Ketua Komisi Pemilihan Umum negara bagian Rakhine, Tin Hlaing, meyakini kedua orang tua Rasheed belum menjadi warga negara Myanmar pada saat dia lahir. Sementara Rasheed memiliki dokumen yang menunjukkan bahwa kedua orangtuanya adalah warga negara Myanmar sejak dia lahir. Namun, kartu-kartu kewarganegaraan itu ditarik pada 1990-an ketika sebagian besar orang Rohingya menemukan kartu-kartu tersebut diganti dengan "kartu putih" sementara.
Pada 2015, Presiden Thein Sein mengumumkan kartu putih yang dikantongi oleh orang Rohingya sebagai bukti kewarganegaraan Myanmar telah dicabut. Hal ini membuat hak pilih warga Rohingya dalam pemilu dihapus.

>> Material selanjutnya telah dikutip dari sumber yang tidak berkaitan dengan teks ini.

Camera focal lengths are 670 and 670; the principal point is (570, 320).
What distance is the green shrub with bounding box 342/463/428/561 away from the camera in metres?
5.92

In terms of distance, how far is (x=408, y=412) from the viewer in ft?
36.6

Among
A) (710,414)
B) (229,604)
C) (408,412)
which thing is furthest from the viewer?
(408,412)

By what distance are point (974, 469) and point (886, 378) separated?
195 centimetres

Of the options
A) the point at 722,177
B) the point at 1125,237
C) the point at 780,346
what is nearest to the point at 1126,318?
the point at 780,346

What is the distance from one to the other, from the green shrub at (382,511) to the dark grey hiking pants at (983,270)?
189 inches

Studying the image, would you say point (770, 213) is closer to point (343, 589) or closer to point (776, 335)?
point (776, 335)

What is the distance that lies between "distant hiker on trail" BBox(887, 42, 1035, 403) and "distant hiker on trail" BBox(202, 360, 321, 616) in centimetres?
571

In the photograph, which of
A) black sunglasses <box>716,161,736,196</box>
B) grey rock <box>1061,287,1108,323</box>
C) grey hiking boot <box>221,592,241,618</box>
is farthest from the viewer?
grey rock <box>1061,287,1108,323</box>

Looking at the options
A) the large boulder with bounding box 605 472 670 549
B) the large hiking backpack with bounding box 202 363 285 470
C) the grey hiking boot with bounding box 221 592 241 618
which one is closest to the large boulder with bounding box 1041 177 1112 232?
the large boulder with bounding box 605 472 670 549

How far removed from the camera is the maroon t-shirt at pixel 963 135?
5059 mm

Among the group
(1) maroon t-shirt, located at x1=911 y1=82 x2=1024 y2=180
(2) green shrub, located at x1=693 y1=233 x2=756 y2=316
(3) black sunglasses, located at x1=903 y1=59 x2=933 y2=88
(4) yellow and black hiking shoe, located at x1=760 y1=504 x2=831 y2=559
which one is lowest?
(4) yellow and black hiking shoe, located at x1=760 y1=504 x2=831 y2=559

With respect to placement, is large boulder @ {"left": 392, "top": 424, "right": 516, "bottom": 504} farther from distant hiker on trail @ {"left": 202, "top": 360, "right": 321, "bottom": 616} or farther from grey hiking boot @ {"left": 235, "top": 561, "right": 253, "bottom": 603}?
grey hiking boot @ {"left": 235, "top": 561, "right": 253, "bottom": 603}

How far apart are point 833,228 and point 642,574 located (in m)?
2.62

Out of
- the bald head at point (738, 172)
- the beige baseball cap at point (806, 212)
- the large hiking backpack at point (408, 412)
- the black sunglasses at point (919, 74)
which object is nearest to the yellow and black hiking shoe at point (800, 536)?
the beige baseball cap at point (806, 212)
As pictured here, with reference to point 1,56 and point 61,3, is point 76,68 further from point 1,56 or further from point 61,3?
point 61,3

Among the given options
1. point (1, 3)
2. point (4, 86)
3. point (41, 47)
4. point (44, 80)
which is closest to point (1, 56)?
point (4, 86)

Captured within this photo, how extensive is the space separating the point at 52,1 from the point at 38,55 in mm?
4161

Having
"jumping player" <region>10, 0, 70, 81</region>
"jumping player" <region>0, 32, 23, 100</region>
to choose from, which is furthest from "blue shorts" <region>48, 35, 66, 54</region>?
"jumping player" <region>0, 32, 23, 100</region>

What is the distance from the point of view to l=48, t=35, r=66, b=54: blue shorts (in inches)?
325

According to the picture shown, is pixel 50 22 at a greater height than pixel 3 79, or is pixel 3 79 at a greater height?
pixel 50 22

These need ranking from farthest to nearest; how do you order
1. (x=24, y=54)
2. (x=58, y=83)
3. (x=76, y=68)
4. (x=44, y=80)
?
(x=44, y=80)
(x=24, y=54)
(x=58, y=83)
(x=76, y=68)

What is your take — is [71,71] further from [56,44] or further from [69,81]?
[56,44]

Seorang kandidat independen Rohingya, Abu Tahay, juga gagal mencalonkan diri dalam pemilu. Dia mengatakan dikeluarkannya orang-orang Rohingya sebagai kandidat dalam pemilu menunjukkan bahwa pemerintah Myanmar menghalangi upaya minoritas Rohingya untuk mendapatkan kewarganegaraan dan hidup berdampingan secara damai.
"Mereka tidak memiliki harapan untuk masa depan mereka," ujar Abu Tahay.
Daftar pemilih telah dipasang di seluruh Myanmar. Namun daftar itu tidak ada di kamp-kamp penampungan minoritas Rohingya di luar ibu kota negara bagian Rakhine, Sittwe. Tetua komunitas Rohingya di Sittwe, Kyaw Hla Aung, mengatakan pada 2015 sekitar 200 orang Rohingya muncul dalam daftar pemilih. Namun kali ini tidak ada satu pun yang muncul.
Salah satu dari enam orang Rohingya yang lolos mencalonkan diri dalam pemilu, Aye Win, mengatakan minoritas Muslim Rohingya memiliki sedikit harapan untuk menang karena sebagian besar orang Rohingnya tidak mempunyai kewarganegaraan. "Kalau tidak (memiliki kewarganegaraan), maka situasinya tidak akan bagus," ujar Aye Win.
Myanmar tidak mengakui Rohingya sebagai kelompok etnis. Mereka kerap disebut sebagai "Bengali" yang menyiratkan bahwa mereka adalah imigran ilegal dari Bangladesh. Padahal mereka sudah berada di negara bagian Rakhine selama berabad-abad. Pemerintah Myanmar telah melucuti dokumen identitas Rohingya sehingga mereka tidak bisa membuktikan asal usulnya.